Mais n’oublions pas que des problèmes persistent, puisque beaucoup d’autres emplois, dépendant indirectement du secteur, sont touchés par la crise et que des bateaux de pêche sont encore détruits.

Ensuite, en ce qui concerne la gestion de la ressource halieutique, les réglementations ne peuvent pas être déterminées au seul échelon européen. Pour aider durablement la pêche, une réglementation internationale est essentielle, ce qui, nous le savons, pose problème.

Enfin, il serait nécessaire d’aller plus loin que le plan proposé pour répondre en profondeur à la crise du secteur.

Le découragement touche l’ensemble du monde de la pêche. Mon collègue Gérard Le Cam m’a fait part de la situation de l’armement Porcher d’Erquy, dans les Côtes-d’Armor, qui menace de se séparer de la moitié de ses bateaux, voire de la totalité, découragé par les contrôles tatillons et permanents de l’administration, par les appréciations divergentes sur la ressource réelle, certains pays de l’Union européenne ne jouant pas le jeu, par la hausse des carburants, par les abandons technologiques qui conduisent les armateurs à s’approvisionner à l’étranger.

Si la menace devait se réaliser, demain, ce sont trois cents à cinq cents personnes qui seraient touchées et, bien entendu, l’économie locale en souffrirait.

Alors que le conseil général vient d’investir dans le port d’Erquy, il est réellement souhaitable que l’activité perdure et se développe.

Nous savons que vous vous êtes investi, monsieur le ministre, sur ce dossier. Aussi, nous aimerions savoir quelles sont les perspectives dans ce secteur.

Cet exemple permet de poser la question de l’avenir de la pêche française qui s’amenuise d’année en année, alors que nous importons 80 % de la consommation nationale. À force d’être un élève zélé de l’Europe, nous payons chèrement l’addition. Un rééquilibrage serait nécessaire.

Pourquoi, par exemple, ne pas sensibiliser les pêcheurs à la diversification des activités de pêche et de cultures marines, comme la vente directe, la valorisation des produits, le tourisme bleu, la table d’hôte ?

Une telle évolution permettrait aux acteurs concernés de faire face aux difficultés rencontrées, notamment à la réduction des quotas, en percevant une plus-value, nécessaire dans la conjoncture actuelle.

Il nous semble important de réfléchir à la mise en place d’actions incitatives dans le cadre des politiques publiques, en nous servant - pourquoi pas ? - de l’expérience des pêcheurs qui se sont déjà engagés sur la voie de la diversification.
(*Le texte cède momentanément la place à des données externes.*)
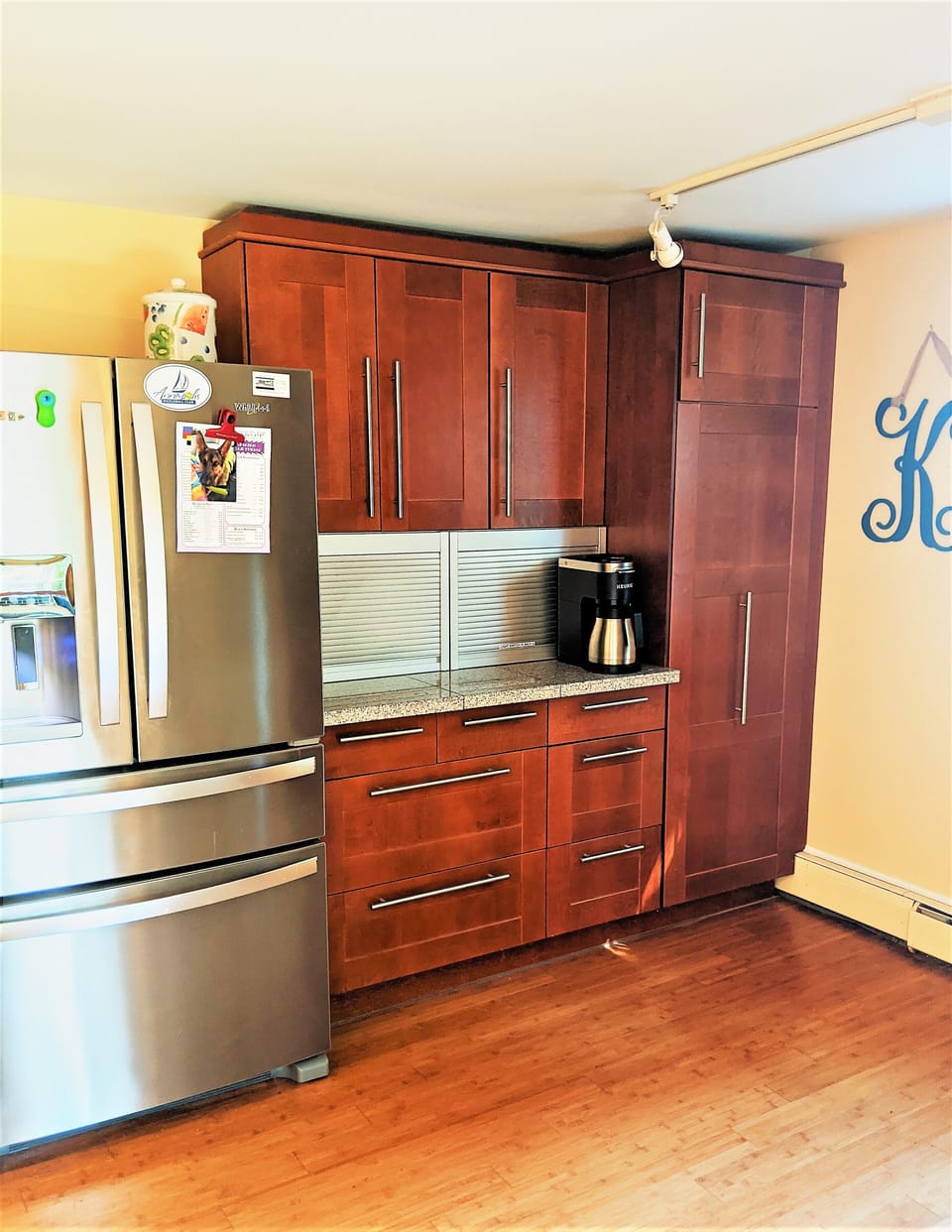 Durable bamboo floors and a great little alcove for coffee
Je terminerai en évoquant les grandes difficultés que rencontre la conchyliculture. L’été de 2008 a été très mauvais pour le secteur en raison d’une forte mortalité d’huîtres juvéniles et de naissains. L’allégement des contributions, l’aide au réensemencement de naissains, le report des cotisations sociales et la mise en œuvre du Fonds national de garantie des calamités agricoles sont de bonnes mesures, mais elles ne concernent pas tous les ostréiculteurs.
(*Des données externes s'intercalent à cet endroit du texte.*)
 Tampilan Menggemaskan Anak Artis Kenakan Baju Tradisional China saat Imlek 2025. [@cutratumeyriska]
Ainsi, alors que les huîtres d’Arcachon étaient enfin mises hors de cause dans les deux décès survenus en septembre 2007 et que le sous-préfet déclarait avoir eu confirmation par le parquet général que l’enquête était close, le ministère de l’agriculture apportait des réserves.
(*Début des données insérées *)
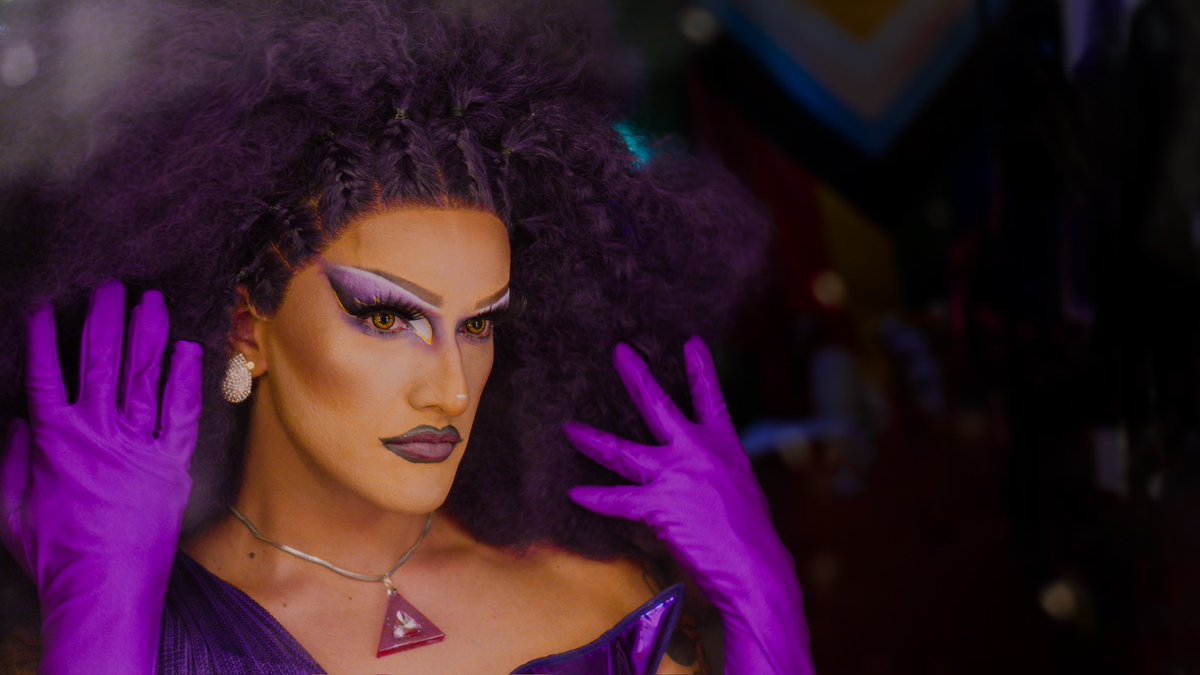 LexRenteria's tweet photo. Desde el primer toque de maquillaje hasta la intensidad de su mirada, aquí está el primer vistazo a Estrella, la esencia de @purpuraneon. Cada imagen es una promesa de la historia que estamos por contar, una celebración de la transformación y la expresión artística. https://t.co/P9crKYfpt6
À l’approche des fêtes de fin d’année, la profession estime la baisse des ventes à 30 % dans le commerce de détail et entre 50 et 80 % dans les grandes surfaces. Les trois cent cinquante entreprises du bassin voient arriver cette période avec appréhension. Pour beaucoup, cette période représente de 30 % à 40 % du chiffre d’affaires de l’année. La profession se sent de plus en plus incomprise et craint de nouvelles interdictions.

Que proposez-vous à ces professionnels, monsieur le ministre ? Ne serait-il pas temps de regarder de plus près comment cette culture pourrait être protégée durablement, en lui permettant d’intégrer le périmètre Natura 2000 ou en accélérant le traitement des eaux usées qui se déversent à l’entrée du bassin ?

Ces politiques que je viens d’évoquer sont étroitement liées aux questions de biodiversité, de lutte contre la pollution et de développement durable.

Nous estimons que la réponse budgétaire apportée aux objectifs affichés est insuffisante. Pis, elle va à l’encontre de leur réalisation.

C’est pourquoi les sénateurs du groupe communiste républicain et citoyen et du parti de gauche voteront contre.